[Data records]
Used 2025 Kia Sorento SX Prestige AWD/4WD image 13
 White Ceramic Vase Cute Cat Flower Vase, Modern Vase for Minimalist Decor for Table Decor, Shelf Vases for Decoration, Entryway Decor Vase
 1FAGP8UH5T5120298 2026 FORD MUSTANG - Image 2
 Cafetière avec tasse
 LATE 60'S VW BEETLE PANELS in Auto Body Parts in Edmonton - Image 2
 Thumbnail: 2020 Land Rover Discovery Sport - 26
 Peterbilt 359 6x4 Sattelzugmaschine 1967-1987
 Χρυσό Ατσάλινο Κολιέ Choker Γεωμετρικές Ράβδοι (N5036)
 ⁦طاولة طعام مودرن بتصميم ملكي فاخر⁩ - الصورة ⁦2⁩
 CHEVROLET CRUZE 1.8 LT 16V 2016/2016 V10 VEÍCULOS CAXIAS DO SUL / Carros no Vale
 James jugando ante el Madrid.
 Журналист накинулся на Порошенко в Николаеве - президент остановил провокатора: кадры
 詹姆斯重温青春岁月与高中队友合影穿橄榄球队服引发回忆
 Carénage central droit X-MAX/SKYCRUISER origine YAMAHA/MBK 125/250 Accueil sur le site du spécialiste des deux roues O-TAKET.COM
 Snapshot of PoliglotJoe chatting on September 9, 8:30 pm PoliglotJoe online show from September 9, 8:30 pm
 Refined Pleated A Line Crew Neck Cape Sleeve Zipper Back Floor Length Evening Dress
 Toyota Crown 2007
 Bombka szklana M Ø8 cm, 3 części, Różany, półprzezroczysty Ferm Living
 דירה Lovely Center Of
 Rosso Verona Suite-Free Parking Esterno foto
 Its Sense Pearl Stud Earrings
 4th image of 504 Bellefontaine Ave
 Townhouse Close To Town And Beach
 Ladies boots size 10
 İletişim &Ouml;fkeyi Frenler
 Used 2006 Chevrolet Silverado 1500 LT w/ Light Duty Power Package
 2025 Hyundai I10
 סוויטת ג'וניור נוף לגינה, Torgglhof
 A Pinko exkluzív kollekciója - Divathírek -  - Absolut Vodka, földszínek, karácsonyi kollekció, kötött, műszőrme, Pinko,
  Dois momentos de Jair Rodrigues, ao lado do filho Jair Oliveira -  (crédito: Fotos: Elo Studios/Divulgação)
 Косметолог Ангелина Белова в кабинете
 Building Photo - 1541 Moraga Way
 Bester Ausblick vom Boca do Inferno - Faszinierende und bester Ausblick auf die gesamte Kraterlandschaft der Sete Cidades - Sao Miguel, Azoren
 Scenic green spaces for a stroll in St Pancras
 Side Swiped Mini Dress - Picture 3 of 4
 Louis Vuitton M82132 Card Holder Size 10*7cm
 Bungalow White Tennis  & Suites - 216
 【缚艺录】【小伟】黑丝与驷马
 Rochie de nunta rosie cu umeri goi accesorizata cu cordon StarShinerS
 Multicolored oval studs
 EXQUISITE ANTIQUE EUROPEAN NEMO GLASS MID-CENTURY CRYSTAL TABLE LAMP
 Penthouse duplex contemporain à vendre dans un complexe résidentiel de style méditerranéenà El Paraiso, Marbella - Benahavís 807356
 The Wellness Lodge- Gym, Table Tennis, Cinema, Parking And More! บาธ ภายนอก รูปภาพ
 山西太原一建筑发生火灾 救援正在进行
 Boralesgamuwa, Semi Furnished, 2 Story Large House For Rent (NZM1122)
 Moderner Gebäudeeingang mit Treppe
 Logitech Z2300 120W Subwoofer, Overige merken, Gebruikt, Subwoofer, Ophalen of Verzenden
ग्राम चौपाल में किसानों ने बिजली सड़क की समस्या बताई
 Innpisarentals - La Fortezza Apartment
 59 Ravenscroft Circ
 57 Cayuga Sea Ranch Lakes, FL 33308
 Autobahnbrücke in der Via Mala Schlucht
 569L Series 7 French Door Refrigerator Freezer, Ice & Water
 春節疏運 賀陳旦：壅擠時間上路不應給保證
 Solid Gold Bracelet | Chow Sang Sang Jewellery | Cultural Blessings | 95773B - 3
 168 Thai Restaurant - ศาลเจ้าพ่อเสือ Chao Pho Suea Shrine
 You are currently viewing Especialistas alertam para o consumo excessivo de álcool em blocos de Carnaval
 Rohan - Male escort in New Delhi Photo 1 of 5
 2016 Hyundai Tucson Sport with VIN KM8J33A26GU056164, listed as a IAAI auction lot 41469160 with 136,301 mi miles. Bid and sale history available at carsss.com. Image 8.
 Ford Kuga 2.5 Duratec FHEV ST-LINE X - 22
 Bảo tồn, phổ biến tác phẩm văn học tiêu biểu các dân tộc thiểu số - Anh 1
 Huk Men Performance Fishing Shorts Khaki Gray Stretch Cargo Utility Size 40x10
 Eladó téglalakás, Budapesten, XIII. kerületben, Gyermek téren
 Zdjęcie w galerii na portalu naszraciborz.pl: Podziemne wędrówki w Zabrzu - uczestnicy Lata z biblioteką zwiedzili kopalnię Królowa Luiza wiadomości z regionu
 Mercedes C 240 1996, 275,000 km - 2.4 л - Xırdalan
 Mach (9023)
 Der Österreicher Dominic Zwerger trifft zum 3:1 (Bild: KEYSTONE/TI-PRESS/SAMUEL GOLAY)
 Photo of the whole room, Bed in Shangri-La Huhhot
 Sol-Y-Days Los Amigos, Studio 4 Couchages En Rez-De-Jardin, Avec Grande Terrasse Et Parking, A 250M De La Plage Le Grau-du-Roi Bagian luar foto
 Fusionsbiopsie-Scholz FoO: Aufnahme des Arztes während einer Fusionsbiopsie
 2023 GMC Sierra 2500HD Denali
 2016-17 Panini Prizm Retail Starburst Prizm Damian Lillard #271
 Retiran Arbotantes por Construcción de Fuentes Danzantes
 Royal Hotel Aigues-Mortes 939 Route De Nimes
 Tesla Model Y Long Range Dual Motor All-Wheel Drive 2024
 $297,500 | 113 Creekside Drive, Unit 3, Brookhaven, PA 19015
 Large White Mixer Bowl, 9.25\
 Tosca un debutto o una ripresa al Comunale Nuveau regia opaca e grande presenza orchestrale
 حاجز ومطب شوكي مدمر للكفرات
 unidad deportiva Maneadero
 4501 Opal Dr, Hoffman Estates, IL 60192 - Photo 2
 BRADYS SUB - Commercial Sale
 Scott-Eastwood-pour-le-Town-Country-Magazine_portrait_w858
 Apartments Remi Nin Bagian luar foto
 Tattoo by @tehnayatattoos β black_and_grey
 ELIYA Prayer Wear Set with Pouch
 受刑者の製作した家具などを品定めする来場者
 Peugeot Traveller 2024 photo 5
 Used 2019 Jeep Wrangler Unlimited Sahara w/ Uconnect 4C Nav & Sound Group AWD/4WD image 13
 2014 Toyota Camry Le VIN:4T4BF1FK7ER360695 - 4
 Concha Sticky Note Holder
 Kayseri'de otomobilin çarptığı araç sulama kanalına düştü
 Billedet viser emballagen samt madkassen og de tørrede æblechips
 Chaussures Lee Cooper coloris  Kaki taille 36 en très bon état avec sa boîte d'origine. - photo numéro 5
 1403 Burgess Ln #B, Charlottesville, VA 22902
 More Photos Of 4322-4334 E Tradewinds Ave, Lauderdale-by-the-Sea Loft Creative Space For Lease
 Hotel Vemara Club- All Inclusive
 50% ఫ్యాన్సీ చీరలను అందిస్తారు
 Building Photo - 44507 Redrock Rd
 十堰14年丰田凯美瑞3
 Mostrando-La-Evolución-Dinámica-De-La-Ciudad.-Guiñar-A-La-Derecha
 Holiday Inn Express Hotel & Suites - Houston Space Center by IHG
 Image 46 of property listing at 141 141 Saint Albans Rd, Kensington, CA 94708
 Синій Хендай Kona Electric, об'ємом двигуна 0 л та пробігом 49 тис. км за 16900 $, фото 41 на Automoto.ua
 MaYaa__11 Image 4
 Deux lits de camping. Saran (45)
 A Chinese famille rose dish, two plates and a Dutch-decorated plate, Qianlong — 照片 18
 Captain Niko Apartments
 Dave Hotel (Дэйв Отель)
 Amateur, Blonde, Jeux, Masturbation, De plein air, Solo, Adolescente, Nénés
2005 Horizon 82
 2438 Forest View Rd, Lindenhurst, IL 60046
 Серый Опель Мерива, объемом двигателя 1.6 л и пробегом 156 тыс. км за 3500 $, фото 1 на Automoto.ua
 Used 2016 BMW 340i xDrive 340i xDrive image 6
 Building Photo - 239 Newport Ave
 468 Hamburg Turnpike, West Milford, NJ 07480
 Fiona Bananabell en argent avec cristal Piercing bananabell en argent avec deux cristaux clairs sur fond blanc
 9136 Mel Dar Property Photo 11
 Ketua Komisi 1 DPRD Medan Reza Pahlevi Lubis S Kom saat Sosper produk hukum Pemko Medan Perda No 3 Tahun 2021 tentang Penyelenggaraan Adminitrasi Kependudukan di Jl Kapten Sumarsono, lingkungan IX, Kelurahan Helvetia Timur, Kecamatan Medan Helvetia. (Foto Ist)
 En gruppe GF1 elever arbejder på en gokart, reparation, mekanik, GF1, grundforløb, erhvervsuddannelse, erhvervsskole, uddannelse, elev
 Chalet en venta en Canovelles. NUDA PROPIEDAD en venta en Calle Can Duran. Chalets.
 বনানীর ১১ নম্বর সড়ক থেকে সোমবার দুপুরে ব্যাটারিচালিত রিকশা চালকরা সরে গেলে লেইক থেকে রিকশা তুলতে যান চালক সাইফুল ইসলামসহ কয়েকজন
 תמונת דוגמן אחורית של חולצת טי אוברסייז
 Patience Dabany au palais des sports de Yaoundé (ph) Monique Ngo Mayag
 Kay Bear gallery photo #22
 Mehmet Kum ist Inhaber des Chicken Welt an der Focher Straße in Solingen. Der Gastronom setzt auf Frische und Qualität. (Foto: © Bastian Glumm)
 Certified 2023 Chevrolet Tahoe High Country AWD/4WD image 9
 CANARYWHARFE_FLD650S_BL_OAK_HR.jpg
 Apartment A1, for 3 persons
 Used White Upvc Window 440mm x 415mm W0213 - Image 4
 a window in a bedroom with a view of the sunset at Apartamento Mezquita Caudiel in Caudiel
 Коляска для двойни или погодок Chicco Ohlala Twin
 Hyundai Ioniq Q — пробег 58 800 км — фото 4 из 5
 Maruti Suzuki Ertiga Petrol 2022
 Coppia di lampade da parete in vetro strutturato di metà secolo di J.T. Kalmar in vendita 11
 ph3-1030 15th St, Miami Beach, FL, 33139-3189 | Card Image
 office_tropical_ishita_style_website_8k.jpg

* _YOUR ASSIGNMENT_: Looking at the data above, return every line from the one with "Moderner Gebäudeeingang mit Treppe" down to the one with "569L Series 7", exactly and inclusively.

* _ANSWER TO THIS PROBLEM_:
 Moderner Gebäudeeingang mit Treppe
 Logitech Z2300 120W Subwoofer, Overige merken, Gebruikt, Subwoofer, Ophalen of Verzenden
ग्राम चौपाल में किसानों ने बिजली सड़क की समस्या बताई
 Innpisarentals - La Fortezza Apartment
 59 Ravenscroft Circ
 57 Cayuga Sea Ranch Lakes, FL 33308
 Autobahnbrücke in der Via Mala Schlucht
 569L Series 7 French Door Refrigerator Freezer, Ice & Water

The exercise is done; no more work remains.